The inclusion of rebuilding money for both the Kellogg Avenue/3rd Street bridge in St. Paul and the 10th Avenue bridge in Minneapolis is welcome. But no transit projects and only rail safety and a few smaller transportation projects made Dayton’s cut. He said he expects the Southwest light-rail line, which is at a make-or-break point for state funding, and other transportation needs to be met in a separate transportation bill. That means those projects remain in a political danger zone. Bills increasing transportation funding are notoriously difficult for the Legislature to enact; only one has become law since 1988.

The same fate should not befall the water infrastructure needs that Dayton highlighted. Aging facilities are taking a toll on water quality in many communities, leaving them unable to meet state and federal standards. A Minnesota Pollution Control Agency review tallied the need for 1,350 wastewater projects with a $4.2 billion price tag. The federal Environmental Protection Agency has estimated that Minnesota will need to spend $11 billion over the next 20 years to upgrade its water systems.

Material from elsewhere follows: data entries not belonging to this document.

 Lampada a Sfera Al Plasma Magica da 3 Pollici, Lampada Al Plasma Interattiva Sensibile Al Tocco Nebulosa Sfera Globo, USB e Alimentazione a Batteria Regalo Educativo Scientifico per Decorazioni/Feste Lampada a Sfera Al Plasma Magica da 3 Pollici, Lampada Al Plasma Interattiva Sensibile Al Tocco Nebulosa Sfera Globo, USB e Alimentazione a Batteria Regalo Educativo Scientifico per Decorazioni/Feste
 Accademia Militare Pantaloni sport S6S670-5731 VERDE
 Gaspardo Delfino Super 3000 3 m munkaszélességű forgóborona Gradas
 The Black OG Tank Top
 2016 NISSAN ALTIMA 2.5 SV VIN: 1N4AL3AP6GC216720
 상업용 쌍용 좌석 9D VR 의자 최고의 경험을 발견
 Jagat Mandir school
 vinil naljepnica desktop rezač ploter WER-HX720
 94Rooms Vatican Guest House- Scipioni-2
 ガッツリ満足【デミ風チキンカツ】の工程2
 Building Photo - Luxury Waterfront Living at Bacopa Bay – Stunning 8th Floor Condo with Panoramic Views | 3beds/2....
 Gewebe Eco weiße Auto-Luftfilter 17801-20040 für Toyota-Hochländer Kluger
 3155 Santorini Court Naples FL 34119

Those daunting sums can be made manageable only with a coordinated state-and-local policy that’s sustained over a number of years. Dayton’s proposal ought to be met at the Legislature with a sober awareness that maintaining drinkable and swimmable water is not optional for government in the “land of sky-blue waters.” Understanding that aim as a responsibility shared by state and local governments is in keeping with Minnesota’s tradition of valuing the quality of life and economic opportunity throughout the state. It’s another illustration of what this page argued last month — that Minnesota is “better together,” acting through robust state government to leave no region behind.